==== Data block ====

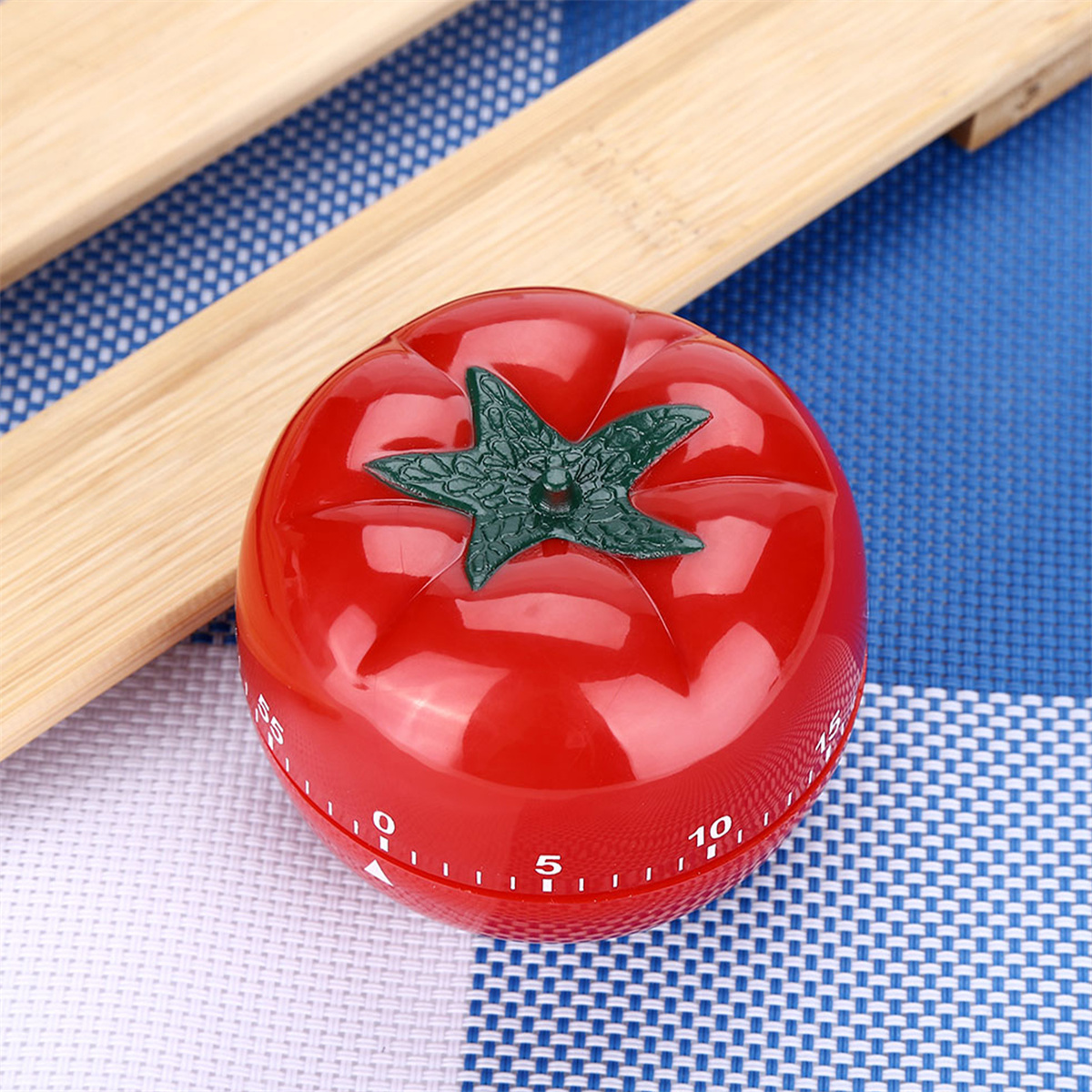 Ein roter tomatenförmiger Küchentimer auf einer blau-weiß karierten Oberfläche.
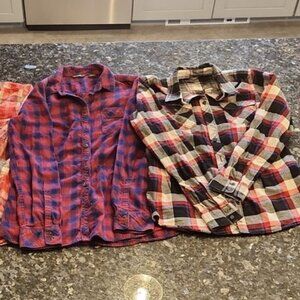 Two women's Eddie Bauer flannel shirts size small.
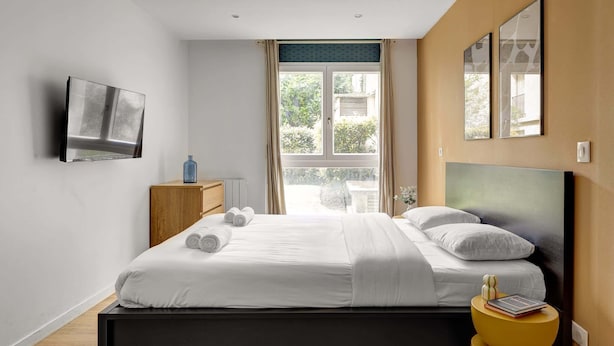 Ein modernes Schlafzimmer mit einem Bett, einem an der Wand montierten Fernseher und einem Fenster mit Vorhängen.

====

*Problem statement*:
To complete the exercise, return the listing above exactly and omit its pictures.

*Response to this task*:
 Ein roter tomatenförmiger Küchentimer auf einer blau-weiß karierten Oberfläche.
 Two women's Eddie Bauer flannel shirts size small.
 Ein modernes Schlafzimmer mit einem Bett, einem an der Wand montierten Fernseher und einem Fenster mit Vorhängen.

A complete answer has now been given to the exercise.